Heterogeneity: The Power utilities will not develop the NASPInet from scratch. These utilities have significant investments in legacy networking protocols at the substation level, which cannot scale and perform to meet the NASPInet needs. What is required is a middleware protocol that can not only meet the needs of NASPInet, but also interoperate with legacy protocols, some dating back multiple decades.
Many Industries Have Solved Similar Problems
Fortunately, many other industries have been facing, and have solved, such network integration problems. High-performance middleware based on the “Data Distribution for Real-Time Systems” (DDS) standard offers publish-subscribe peer-to-peer networking with extremely configurable delivery parameters. These “quality of service” (QoS) parameters allow DDS to connect disparate systems with varying delivery needs into a single real-time networked system. DDS-compliant middleware is proven in hundreds of mission-critical applications. It is rated to the Department of Defense’s highest Technology Readiness Level (TRL) 9, indicating that it is field-proven in actual mission-critical applications.
DDS is an adopted international standard. It is actively developed and maintained by the Object Management Group (OMG), the largest systems software standards body. First picked up by the Navy, it is now mandated by the U.S. military for high-performance networking. DDS adoption is also growing rapidly in many industries beyond military systems. The standard includes both API definitions (for source-code portability) and a wire specification that offers inter-vendor interoperation. Note that the wire specification is also an IEC standard, IEC 61148.
DDS supports intelligent partitioning, dynamic deployment, “plug and play” discovery and configurable reliability.

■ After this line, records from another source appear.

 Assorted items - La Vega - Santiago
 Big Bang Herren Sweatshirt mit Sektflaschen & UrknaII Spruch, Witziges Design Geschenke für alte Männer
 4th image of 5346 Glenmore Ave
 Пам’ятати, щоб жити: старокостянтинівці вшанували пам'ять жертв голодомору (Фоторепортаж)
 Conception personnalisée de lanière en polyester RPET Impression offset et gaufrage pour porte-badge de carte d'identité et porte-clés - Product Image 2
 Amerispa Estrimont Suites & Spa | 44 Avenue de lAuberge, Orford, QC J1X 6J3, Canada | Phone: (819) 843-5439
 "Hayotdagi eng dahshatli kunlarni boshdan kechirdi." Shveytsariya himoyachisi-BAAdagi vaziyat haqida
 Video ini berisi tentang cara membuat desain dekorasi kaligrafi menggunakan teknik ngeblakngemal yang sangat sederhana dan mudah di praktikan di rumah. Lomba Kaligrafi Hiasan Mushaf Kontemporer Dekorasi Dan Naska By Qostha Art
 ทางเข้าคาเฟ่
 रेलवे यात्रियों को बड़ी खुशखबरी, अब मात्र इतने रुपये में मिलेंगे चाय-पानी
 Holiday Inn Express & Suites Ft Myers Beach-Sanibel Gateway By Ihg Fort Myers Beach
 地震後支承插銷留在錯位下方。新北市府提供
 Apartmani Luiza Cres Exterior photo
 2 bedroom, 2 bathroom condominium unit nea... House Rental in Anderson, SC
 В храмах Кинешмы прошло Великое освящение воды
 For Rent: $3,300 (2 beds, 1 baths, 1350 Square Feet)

It scales well; it is proven in systems that require over 11 million publish-subscribe pairs. It also has initial success in the electrical industry. For instance, the Grand Coulee dam is retrofitting its control system to offer N-way redundant “never stop” operation based on DDS middleware. The Army Corps of Engineers is in full test now, and plans to go live with this design in Q4 2010. Thus, DDS will be online in a significant power generation application soon.
DDS provides a data-centric infrastructure that focuses on how data is moving and transforming in the system. It manages the flow of data, the data schema and all essential aspects of a distributed application. DDS can provide sub-millisecond deterministic delivery over dedicated transports such as the existing dark fiber in many transmission lines. DDS offers detailed QoS control of reliability, liveliness detection, redundancy and more. It implements reliable multicast for wide-area multi-point integration. DDS can also work over WAN networks and intelligently traverse firewalls. It integrates easily and securely with other protocols and standards, Web services, databases and enterprise architectures. Finally, DDS offers both standard APIs—for source portability between vendors—and an internationally accepted standard wire protocol for interoperability between implementations.